通信速度が上がっていますから、もうダウンロードしている、という意識すらなく、コンテンツを自分の端末で無尽蔵に(は言い過ぎですが、ひと月20ギガとなると、もう個人レベルでは無尽蔵でしょう)消費することができます。

また、食欲と違って、我々の好奇心には上限がありませんから、言葉通り時間の許す限り、細切れのコンテンツを楽しむことをやめられません。

本の内容も、まとめサイトが懇切丁寧に教えてくれます。いまではまだ、そのサイトを人が作っているのかもしれませんが、遠からず、あらすじを作成するくらいのことはきっとAIが人間よりも圧倒的にはやく正確にやってくれるでしょう。

だから、本を読む、というのはいうなれば「わざわざ」することになってきたように感じています。本を読むのは非効率、といってもいいでしょう。

その意味で、本を読む、というのは積極的な行為になった、と思うのですね。

そもそも、本を読む意味っていったいどこにあるんでしょうか。わざわざ本質ではない、無駄な情報をインプットして、自分の知的な体力を消費して、本質を読み取る「訓練」をしているのでしょうか。知的な訓練として、そういう価値はあるかもしれない。

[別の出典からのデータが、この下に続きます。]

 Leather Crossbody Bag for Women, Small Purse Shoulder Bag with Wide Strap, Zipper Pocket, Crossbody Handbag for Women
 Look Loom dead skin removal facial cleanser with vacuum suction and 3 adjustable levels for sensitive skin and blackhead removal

ですが、抽象化して、本質だけにしてしまうと、意味がないジャンルがあります。

小説ですね。物語といってもいい。

本質、構成、オチ、抽象度をどんどんあげていくったときに、本に残るのって具体的な情報、無駄な部分です。探偵小説にしてもトリックはすでにでつくしているかもしれないけれど、そこに至る犯人と探偵の掛け合いや、探偵と助手の関係性、探偵のキャラクターなどの付加価値によって、我々は次々と新しいミステリーに手を出すわけです。

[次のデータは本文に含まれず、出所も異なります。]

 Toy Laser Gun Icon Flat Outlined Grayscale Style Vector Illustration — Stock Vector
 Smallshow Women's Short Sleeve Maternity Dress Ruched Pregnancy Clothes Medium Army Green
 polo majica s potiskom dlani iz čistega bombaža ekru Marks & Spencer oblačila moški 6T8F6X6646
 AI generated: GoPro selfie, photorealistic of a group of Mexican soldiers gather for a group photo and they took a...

その付加価値の部分というのは、実際無駄な部分だったりする。

だから、物語をあえて読む、というのは無駄を楽しむ、具体的な部分に価値を見出すということです。キャラクター性、地域性、時代性、趣味性、その部分に無駄に価値がある。

本を読むというのは意外としんどいのですが、しんどい分、具体的でスピードが遅くて、無駄が多い分、その分だけの楽しみがある。

無駄というリッチさのなかに価値がある

シンプルというのは無駄がない、という意味だとすると、無駄ライフログにした方がいいかなとすら思います。

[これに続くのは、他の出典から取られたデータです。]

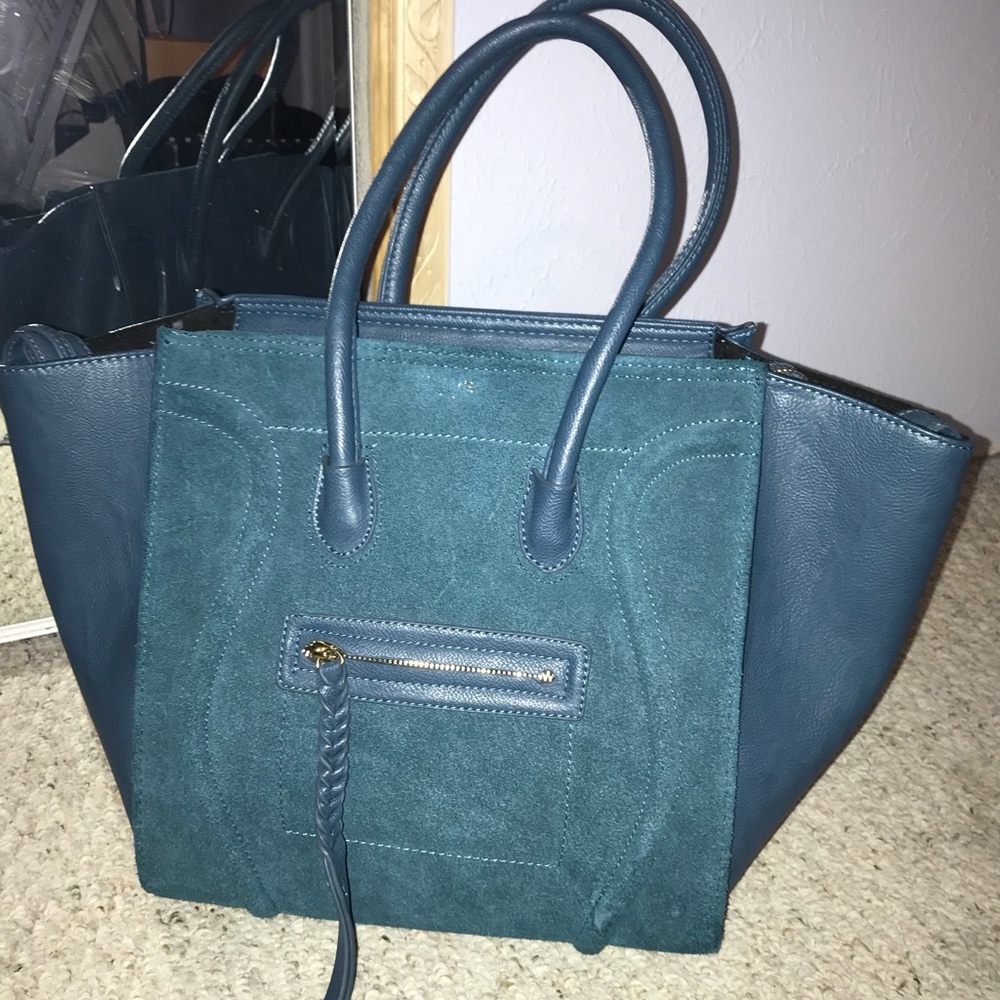 Celine large suede handbag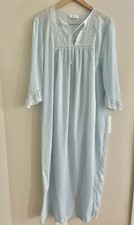 Barbizon Large Vintage Long Nightgown Aqua Cuddlesoft Lace - EUC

そんな私がいま読んでいるのは、長谷敏司さんの『あなたのための物語』。『BEATLESS』で興味を持って、この作家さんのほかの本を読んでみたいと思って手に取りました。

今度は人口神経制御言語・ITPで記述された仮想人格に小説の執筆をさせる科学者のお話。死を前にした科学者と、その仮想言語がつむぐ物語。まだ中盤ですが、SFらしい精密なディティールの積み上げで、死に向かう科学者の葛藤が重苦しいほどリアル。まとめてしまえば、数行の話でも、想像力で具体を積み上げていって、その結果として抽象化してしまった文章からは抜け落ちてしまう本質を感情に訴えかける

小説の醍醐味ですね。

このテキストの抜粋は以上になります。